## EXERCISE INSTRUCTIONS
Your task is to give the records again exactly. Leave each picture out.

## MATERIAL SUPPLIED
++++++
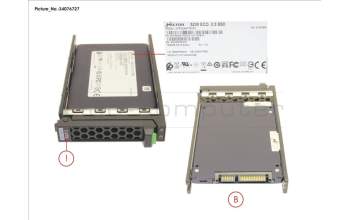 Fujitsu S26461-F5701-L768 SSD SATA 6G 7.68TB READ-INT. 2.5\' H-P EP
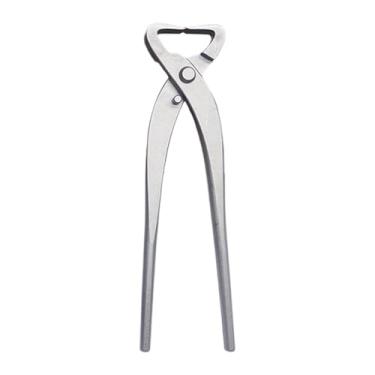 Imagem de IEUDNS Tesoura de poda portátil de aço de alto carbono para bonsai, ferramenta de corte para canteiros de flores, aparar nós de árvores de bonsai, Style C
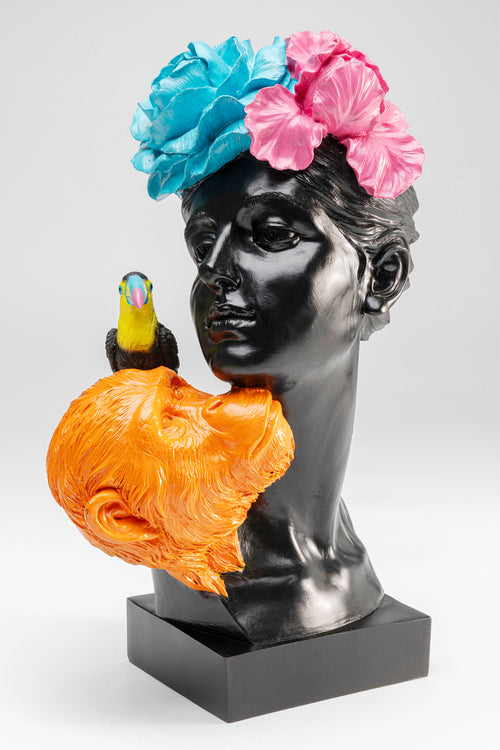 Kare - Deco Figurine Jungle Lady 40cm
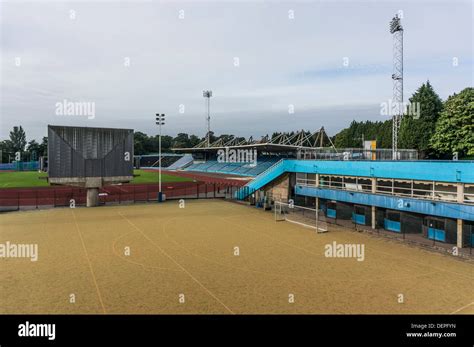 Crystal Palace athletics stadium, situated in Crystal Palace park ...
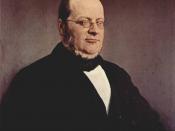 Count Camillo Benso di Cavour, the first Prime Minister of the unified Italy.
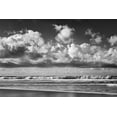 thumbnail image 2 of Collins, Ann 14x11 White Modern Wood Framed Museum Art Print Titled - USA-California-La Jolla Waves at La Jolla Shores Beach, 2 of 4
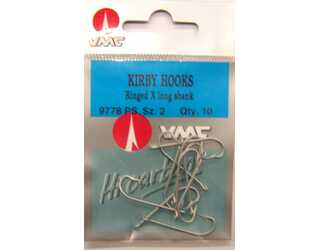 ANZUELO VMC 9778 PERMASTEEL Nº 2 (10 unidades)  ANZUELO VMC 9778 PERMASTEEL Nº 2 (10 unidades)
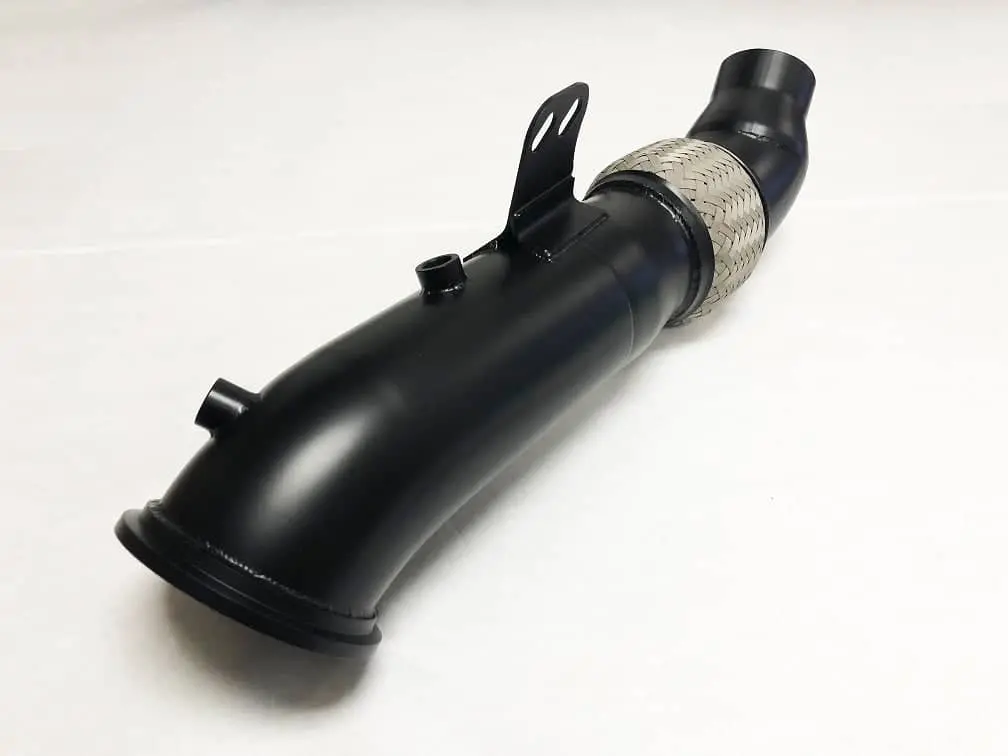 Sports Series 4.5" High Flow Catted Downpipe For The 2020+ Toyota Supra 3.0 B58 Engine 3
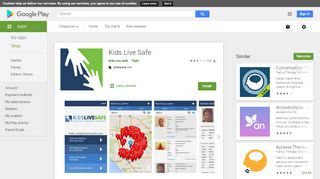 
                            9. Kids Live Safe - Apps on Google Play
++++++
## RESPONSE
 Fujitsu S26461-F5701-L768 SSD SATA 6G 7.68TB READ-INT. 2.5\' H-P EP
 Imagem de IEUDNS Tesoura de poda portátil de aço de alto carbono para bonsai, ferramenta de corte para canteiros de flores, aparar nós de árvores de bonsai, Style C
 Kare - Deco Figurine Jungle Lady 40cm
 Crystal Palace athletics stadium, situated in Crystal Palace park ...
 Count Camillo Benso di Cavour, the first Prime Minister of the unified Italy.
 thumbnail image 2 of Collins, Ann 14x11 White Modern Wood Framed Museum Art Print Titled - USA-California-La Jolla Waves at La Jolla Shores Beach, 2 of 4
 ANZUELO VMC 9778 PERMASTEEL Nº 2 (10 unidades)  ANZUELO VMC 9778 PERMASTEEL Nº 2 (10 unidades)
 Sports Series 4.5" High Flow Catted Downpipe For The 2020+ Toyota Supra 3.0 B58 Engine 3
                            9. Kids Live Safe - Apps on Google Play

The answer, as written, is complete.